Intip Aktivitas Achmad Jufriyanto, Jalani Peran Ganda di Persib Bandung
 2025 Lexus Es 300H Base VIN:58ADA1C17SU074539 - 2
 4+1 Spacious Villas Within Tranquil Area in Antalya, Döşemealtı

━━━━━━━━━━━━━━━━━━━━━━━━━━━━━━

Transcribe the material in full, exactly as it is given.

Result for this task →
Intip Aktivitas Achmad Jufriyanto, Jalani Peran Ganda di Persib Bandung
 2025 Lexus Es 300H Base VIN:58ADA1C17SU074539 - 2
 4+1 Spacious Villas Within Tranquil Area in Antalya, Döşemealtı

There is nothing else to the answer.